Reproduce the data in full, exactly.

═══ Records for this task ═══

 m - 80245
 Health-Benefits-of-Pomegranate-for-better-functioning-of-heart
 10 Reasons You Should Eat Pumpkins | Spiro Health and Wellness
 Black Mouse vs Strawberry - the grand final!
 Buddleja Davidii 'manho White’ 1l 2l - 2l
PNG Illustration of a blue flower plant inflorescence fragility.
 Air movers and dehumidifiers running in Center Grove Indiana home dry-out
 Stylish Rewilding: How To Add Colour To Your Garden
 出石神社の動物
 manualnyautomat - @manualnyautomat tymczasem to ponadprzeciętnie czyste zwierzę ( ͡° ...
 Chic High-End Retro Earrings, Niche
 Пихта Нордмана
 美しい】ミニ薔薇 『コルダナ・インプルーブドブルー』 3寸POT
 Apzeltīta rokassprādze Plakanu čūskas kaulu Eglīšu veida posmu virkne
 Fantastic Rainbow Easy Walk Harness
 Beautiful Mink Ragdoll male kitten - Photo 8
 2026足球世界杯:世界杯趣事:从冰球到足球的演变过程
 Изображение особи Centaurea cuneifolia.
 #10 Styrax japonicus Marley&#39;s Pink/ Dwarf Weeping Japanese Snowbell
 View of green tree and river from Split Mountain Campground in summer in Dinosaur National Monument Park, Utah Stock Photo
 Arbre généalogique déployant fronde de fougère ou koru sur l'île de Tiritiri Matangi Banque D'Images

═══

* Solution to the problem
 m - 80245
 Health-Benefits-of-Pomegranate-for-better-functioning-of-heart
 10 Reasons You Should Eat Pumpkins | Spiro Health and Wellness
 Black Mouse vs Strawberry - the grand final!
 Buddleja Davidii 'manho White’ 1l 2l - 2l
PNG Illustration of a blue flower plant inflorescence fragility.
 Air movers and dehumidifiers running in Center Grove Indiana home dry-out
 Stylish Rewilding: How To Add Colour To Your Garden
 出石神社の動物
 manualnyautomat - @manualnyautomat tymczasem to ponadprzeciętnie czyste zwierzę ( ͡° ...
 Chic High-End Retro Earrings, Niche
 Пихта Нордмана
 美しい】ミニ薔薇 『コルダナ・インプルーブドブルー』 3寸POT
 Apzeltīta rokassprādze Plakanu čūskas kaulu Eglīšu veida posmu virkne
 Fantastic Rainbow Easy Walk Harness
 Beautiful Mink Ragdoll male kitten - Photo 8
 2026足球世界杯:世界杯趣事:从冰球到足球的演变过程
 Изображение особи Centaurea cuneifolia.
 #10 Styrax japonicus Marley&#39;s Pink/ Dwarf Weeping Japanese Snowbell
 View of green tree and river from Split Mountain Campground in summer in Dinosaur National Monument Park, Utah Stock Photo
 Arbre généalogique déployant fronde de fougère ou koru sur l'île de Tiritiri Matangi Banque D'Images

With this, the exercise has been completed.